6. Sergio van Dijk (Queensland Roar/Adelaide United)
The powerful Dutchman took a while to adjust to the Hyundai A-League and was actually panned for his inability to score goals during the first part of his stint at then Queensland Roar, which was a funk he would break out of in dominant fashion, going on a goalscoring tear in the second half of his debut season, and it’s one that hasn’t really stopped since that time.
While he was good at the Roar, van Dijk really came to the fore as a striker once he became a Red and helped propel Adelaide towards their AFC Champions League Grand Final, before joining the club on a permanent basis with a three year contract.

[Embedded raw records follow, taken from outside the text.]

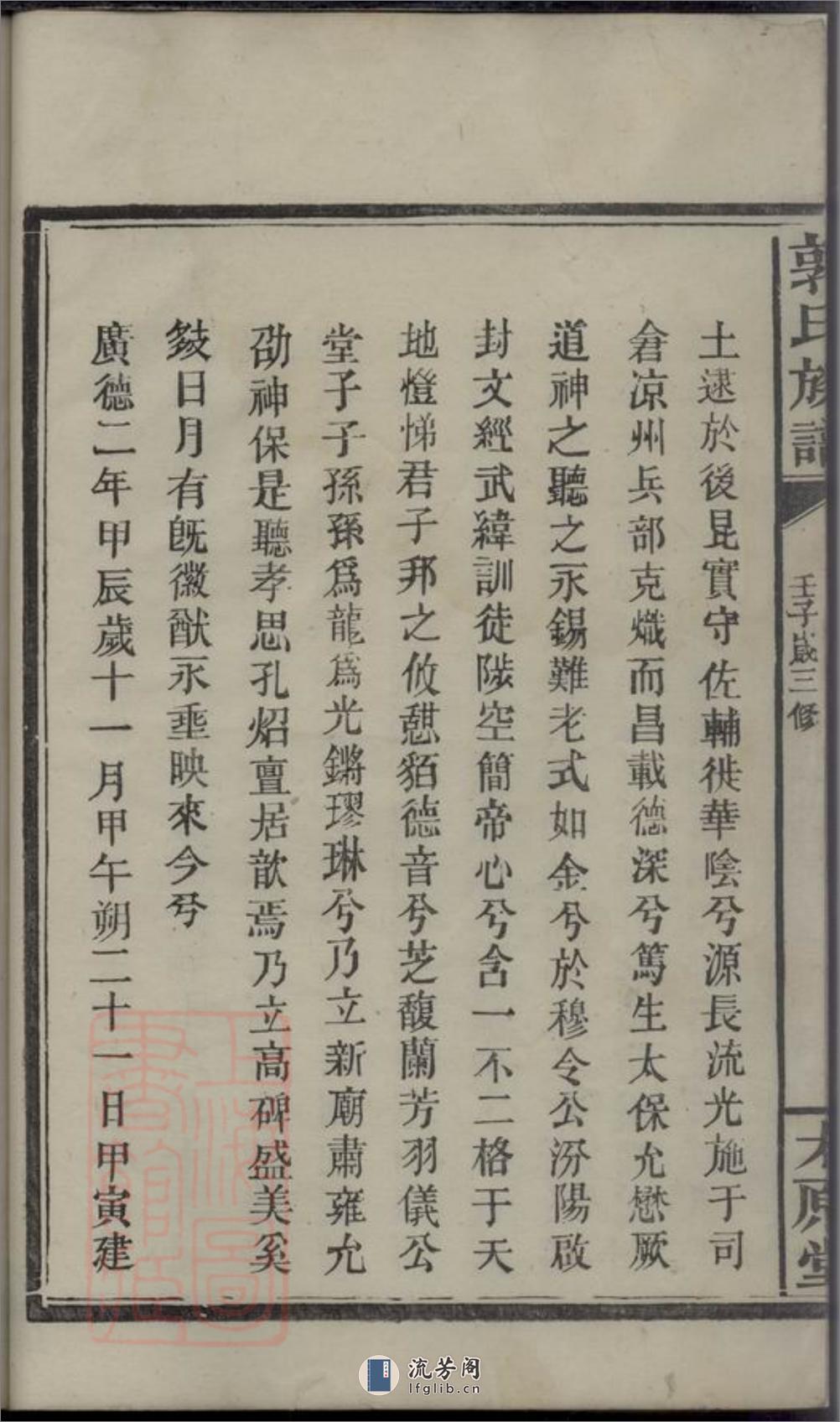 郭氏宗谱：[湘阴] - 第15页预览图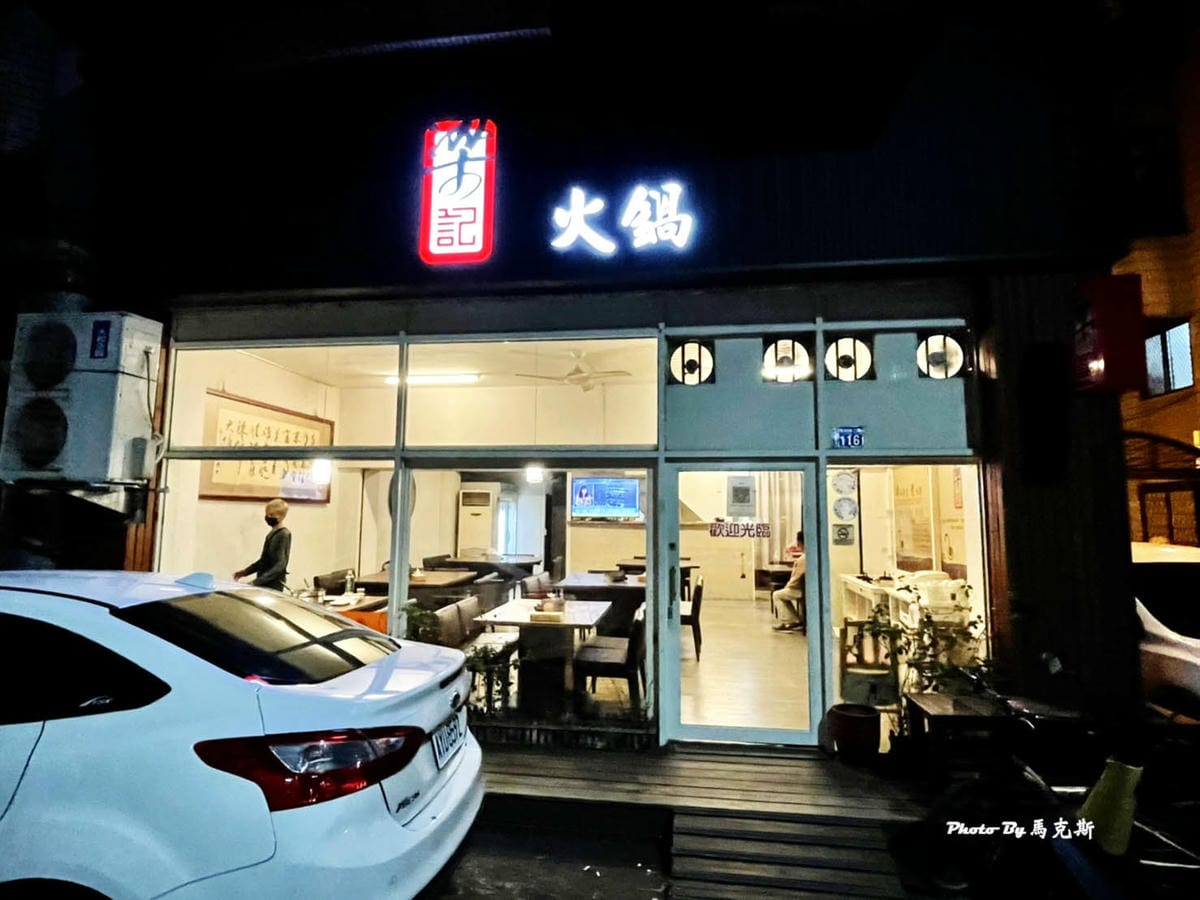 IMG_6815_調整大小.jpg IMG_6815_調整大小.jpg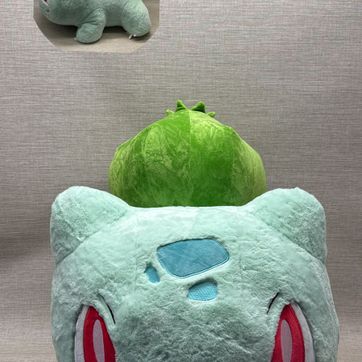 Imagen del producto BULBASAUR (POKEMON) 75X45 CM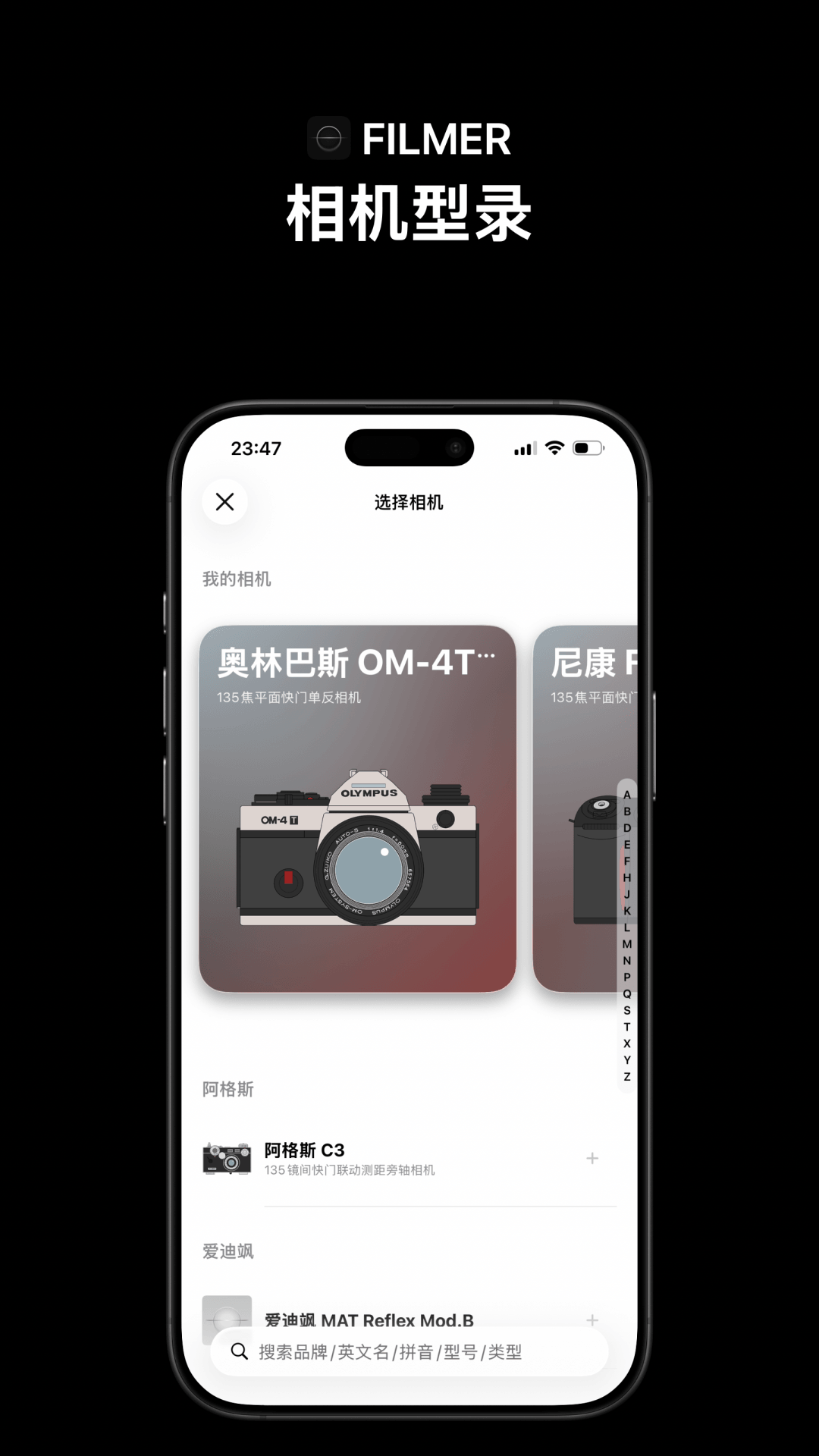 精彩截图-Filmer2026官方新版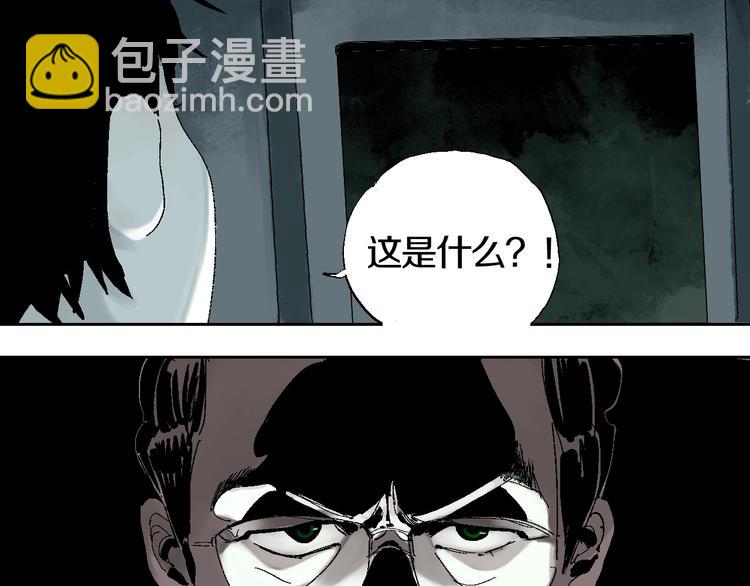 第18话 野心(1/2)-第19话
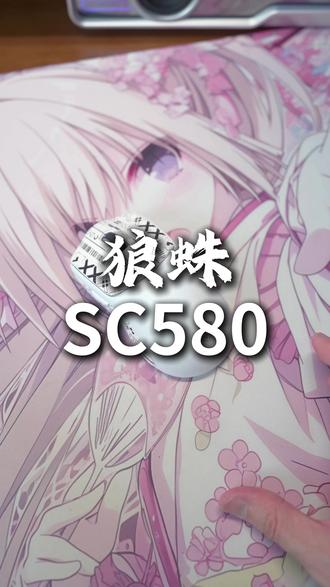 两位数给你3311传感器三模链接10000DPI还送贴纸。。 #狼蛛 #狼蛛鼠标 #狼蛛sc580 #外设 #鼠标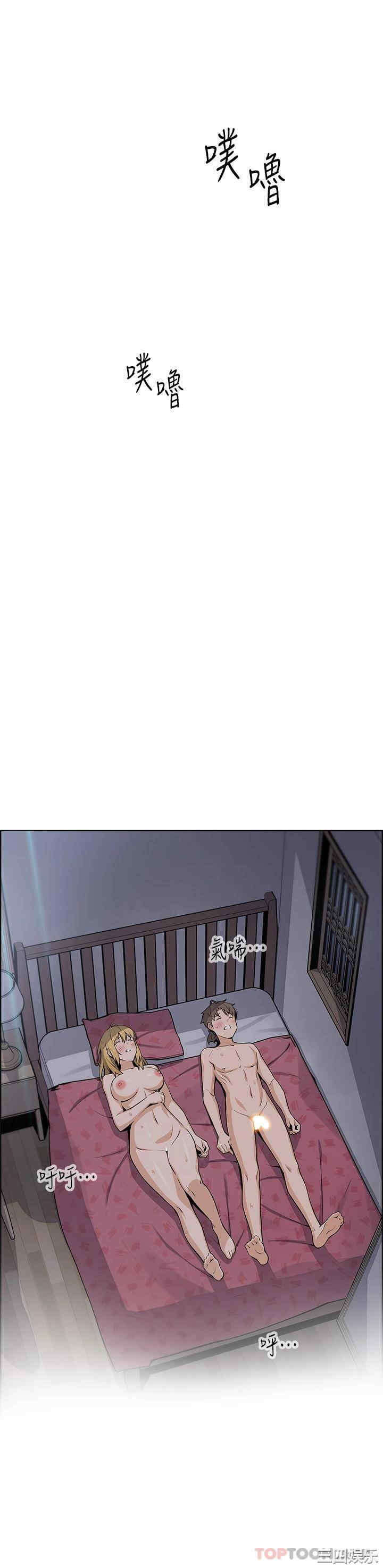 第40张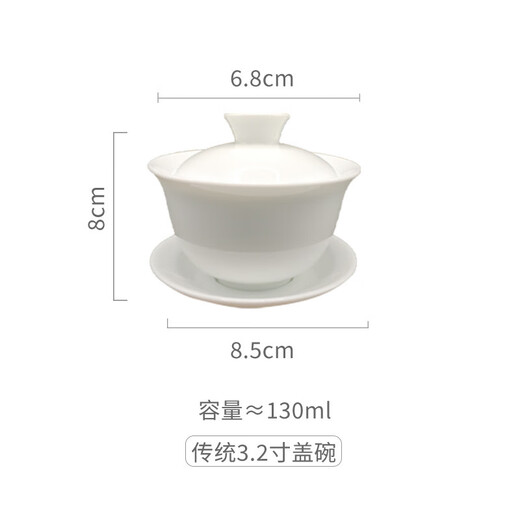 Jiju Xindehua high white porcelain Kung Fu tea set thin simple home office tea set Sancai bowl covered bowl 130ml + 2 teacups + base 3 heads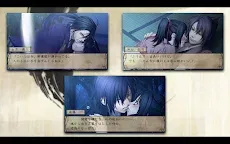 Screenshot 6: 薄桜鬼 | 日本語版
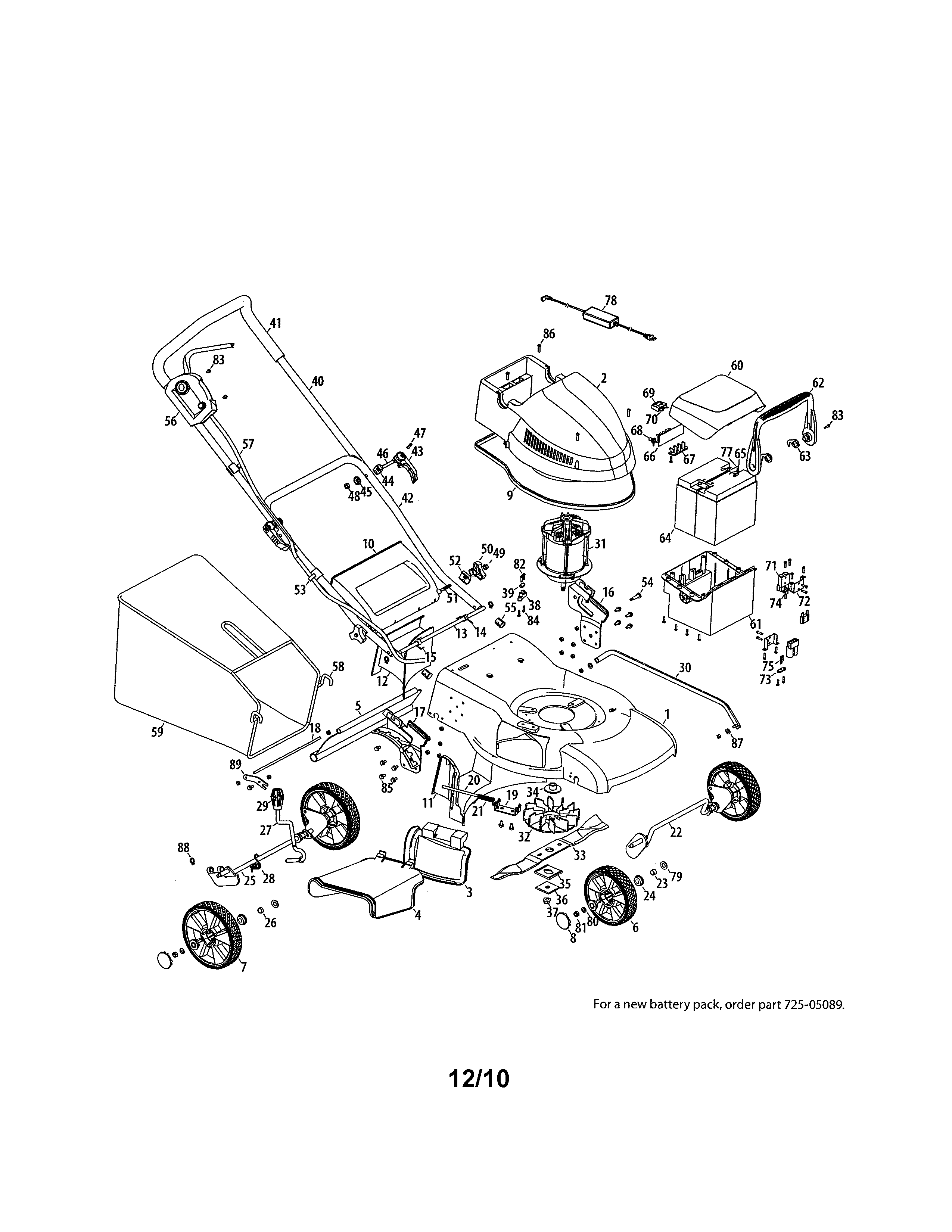 Kmart 02846395-8 electric mower diagram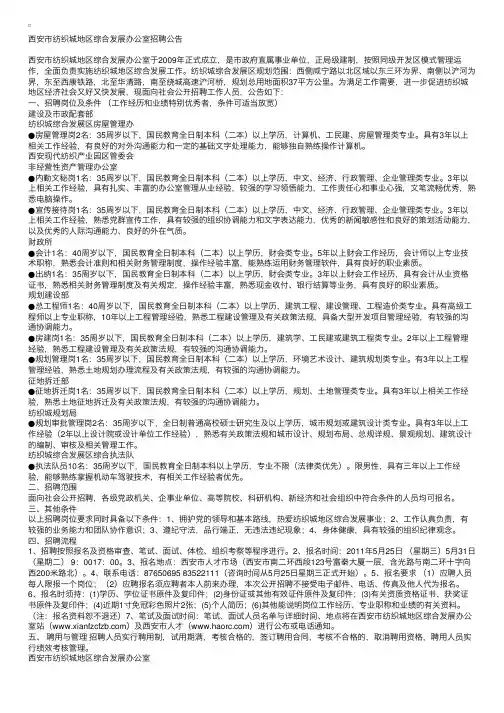 西安市纺织城地区综合发展办公室招聘公告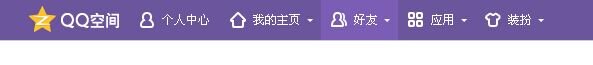 qq空间的好友请求是什么意思i?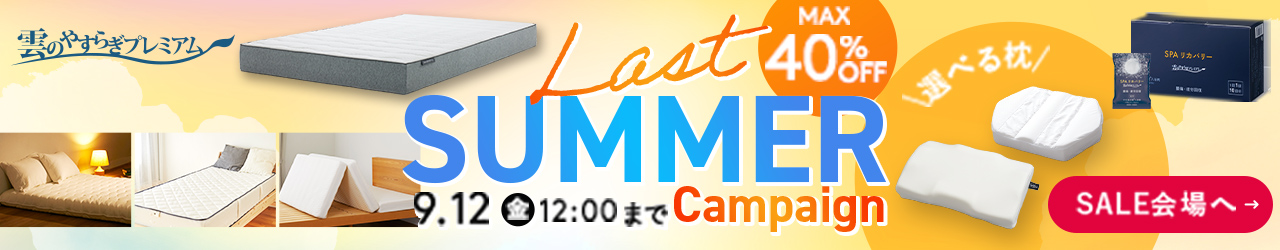 雲のやすらぎプレミアム　Last SUMMER Campaign
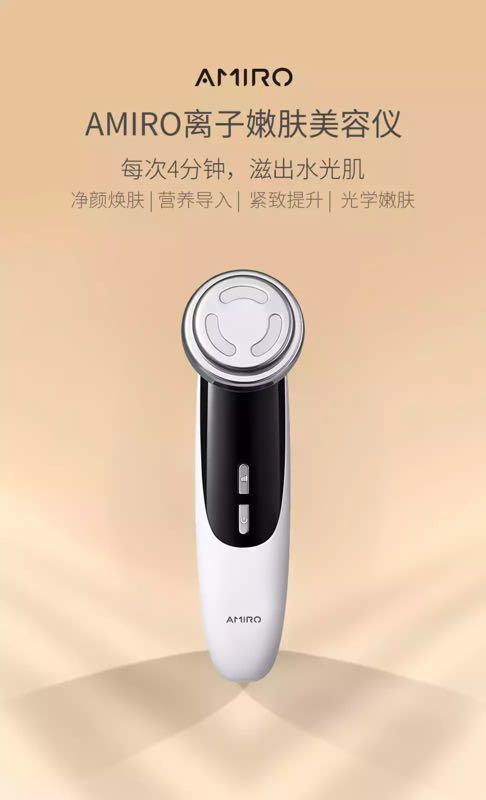AMIRO 離子嫩膚美容儀導出導入儀美容儀器面部家用臉部按摩儀美容器 極簡白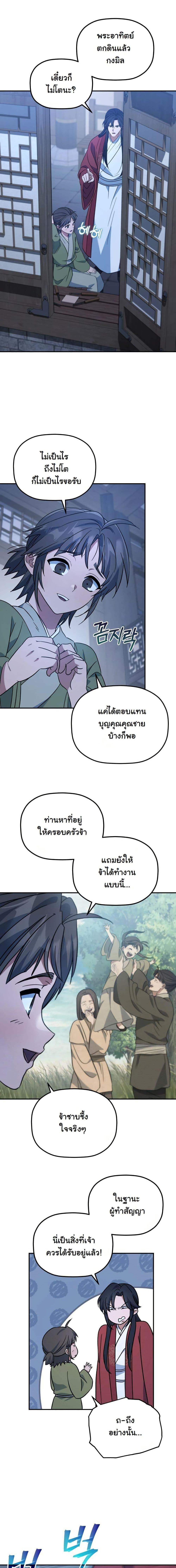 The Youngest Son of the Eunhae Sangdan บุตรชายคนสุดท้องแห่งหอการค้าอึนเฮ ตอนที่ 22 page 11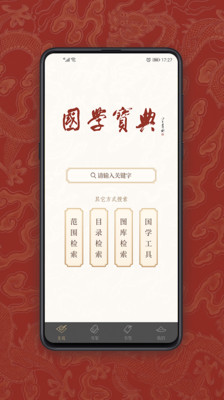 国学宝典破解版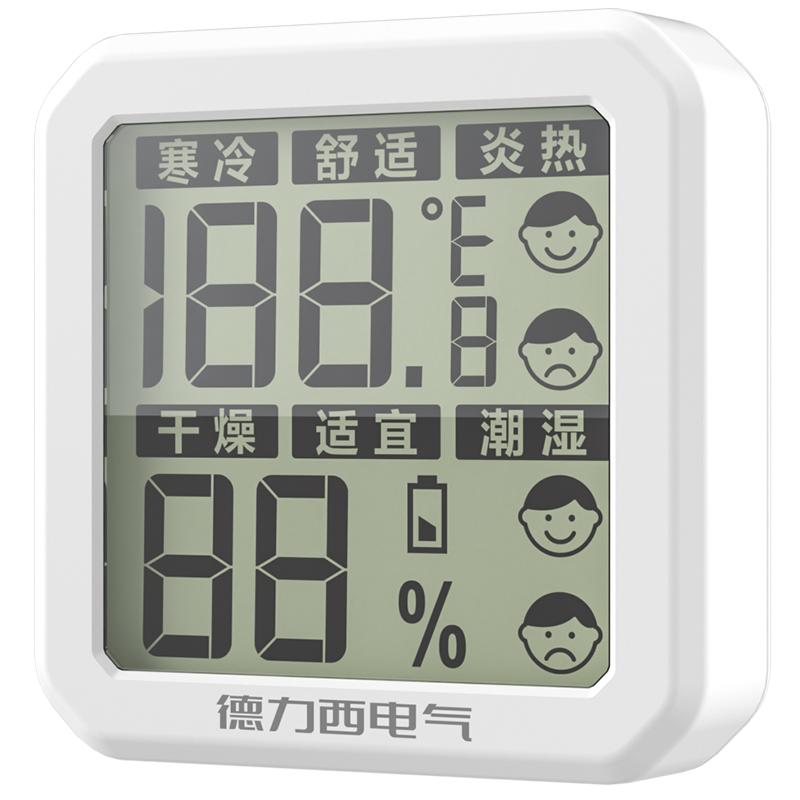 德力西高精度迷你温度计温湿度计室内家用婴儿房壁挂室温干湿度表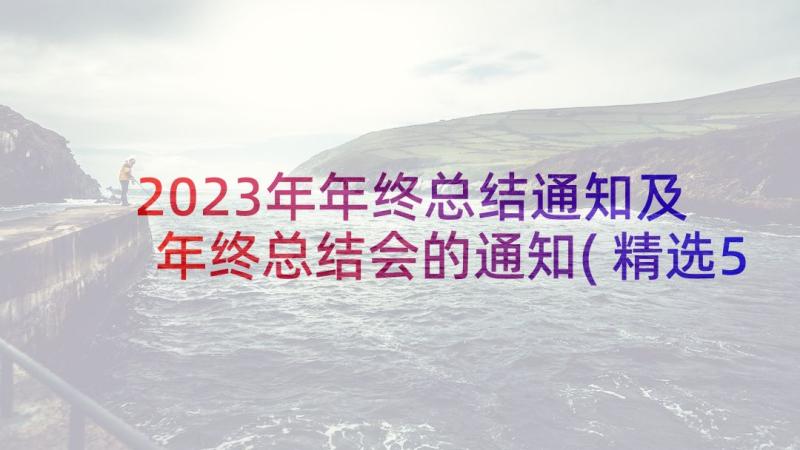 2023年年终总结通知及 年终总结会的通知(精选5篇)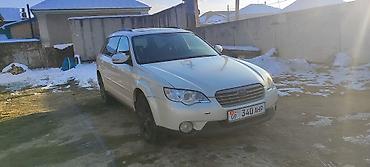 subaru forester sk: Subaru Outback: 2008 г., 2.5 л, Автомат, Бензин — 1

One of the most prolific strikers in the history of the league he scores almost once every two games with 50 goals from 102 starts, but he is also capable of doing the donkey work and holding the ball up for his midfielders.
With natural predatory instincts in front of goal, van Dijk can score a tap in or cannon a screaming shot into the corner, but he is also ice cool from the penalty spot and regularly succeeds from them, in 2010/11 he won the Golden Boot.
5. Robbie Fowler (North Queensland Fury/Perth Glory)
It’s hard to get the image of Robbie Fowler celebrating scoring a goal by ‘snorting’ the goal line out of one’s head, but despite that glaring error of judgement there is also plenty to like about the man Liverpool fans referred to as ‘God’.
A sublimely skilled footballer at his peak, Fowler was a goal-scoring machine, netting an amazing 128 goals in his Premier League career and is one of that league’s all time greats, despite the fact he never lifted the Premiership Cup.
Many regarded that Liverpool side as underachieving and Fowler and some of his teammate’s party boys, so it was no surprise that when he came to Australia the comparisons to the league’s original marquee Dwight Yorke would follow.
And like Yorke, Fowler would find himself in the public eye, but he also produced the goods on the pitch, albeit in a more inconsistent manner than Yorke.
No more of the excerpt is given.